# Improving plots I - Coloring



So far you have learned the basics of plotting data. We've seen that data visualization is a very powerful tool that allows us to communicate a lot of information in a clear and concise way. By adding more elements to our plots, we can communicate even more information in a single graph. In this lesson we will focus on using color to enhance our plots.
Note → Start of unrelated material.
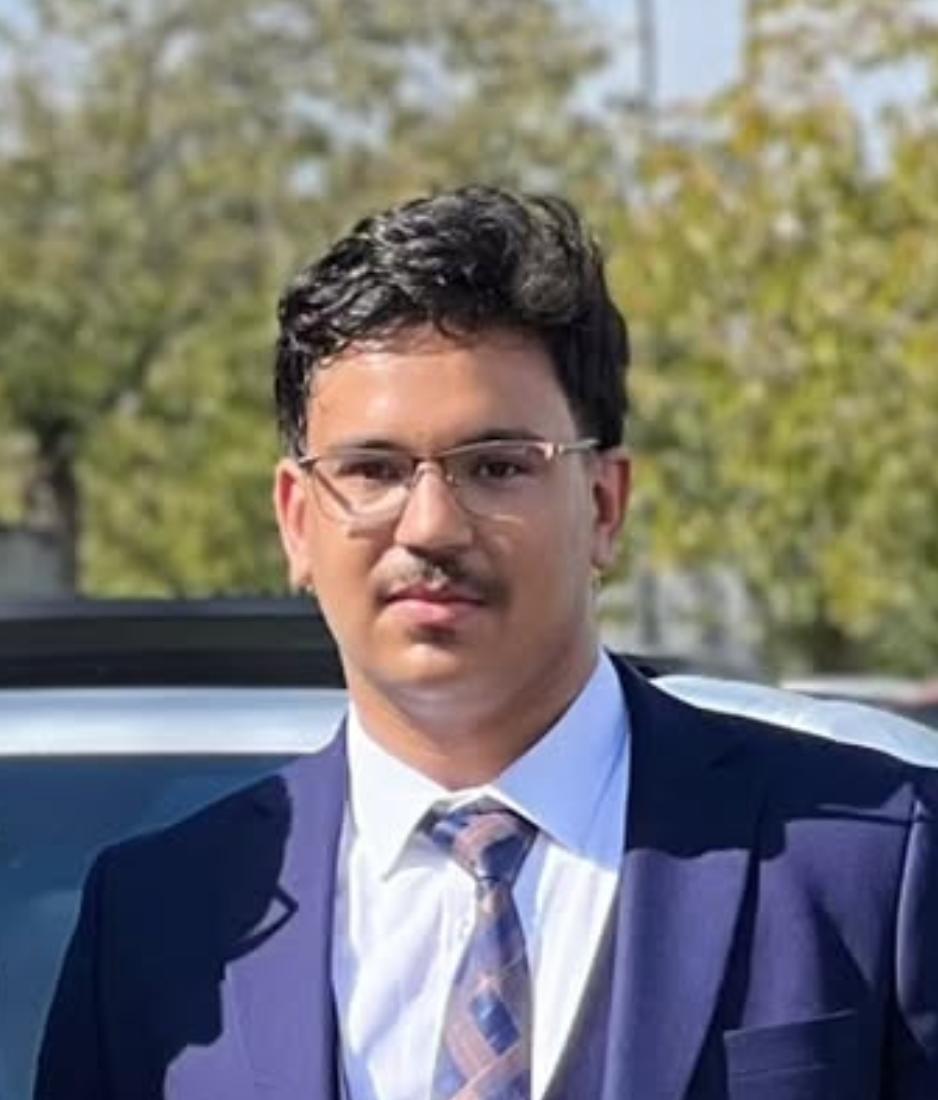 Driss El Azzaoui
Up until now, we have focused on using **matplotlib** for our plotting and **seaborn** to load example datasets. However, **seaborn** can also be used for plotting, and allows for easily customizable coloring of points. Here, we will learn about coloring our plots using **seaborn** plotting functions.

In [None]:
# import the packages we need: numpy, matplotlib, seaborn
import numpy as np
import matplotlib.pyplot as plt
%matplotlib inline
import seaborn as sns

For our first example, we will utilize the iris dataset from seaborn. Let's load the data and remind ourselves what information is contained in the dataset by looking at the first few rows.

In [None]:
# load iris and preview the data



Say we want to look at the relationship between `sepal_length` and `sepal_width` within our dataset. From our previous lessons, we learned that a scatterplot is the best tool to look at the relationship between two variables. We'll use the `sns.scatterplot` function to plot this. 

In [None]:
# plot sepal_length vs sepal_width


# dont forget a title! 
# We can add a title layer using plt.title as we've done before


If we would like to be even more specific, we could use the `sns.lmplot` function, which works similarly to `sns.scatterplot`, but adds a linear trendline to help visualize the relationship between our x and y variables.

In [None]:
# plot sepal_length vs sepal_width


# dont forget a title! 
# We can add a title layer using plt.title as we've done before


## Coloring by a Categorical Varible

This gives us a general idea of the trend between `sepal_length` and `sepal_width`, but what if we wanted to explore the relationship between these variables on a more granular level? For example - if we wanted to see how this relationship might differ between the different species within our dataset? Let's first determine how many different species we have data for within our dataset

In [None]:
# find unique values within the species column of iris


We want to highlight each of the three species using different colored points in our scatterplot. We can do this easily using the `hue` parameter.

In [None]:
# plot sepal_length vs sepal_width colored by species


plt.title("Sepal Length vs Sepal Width by Species")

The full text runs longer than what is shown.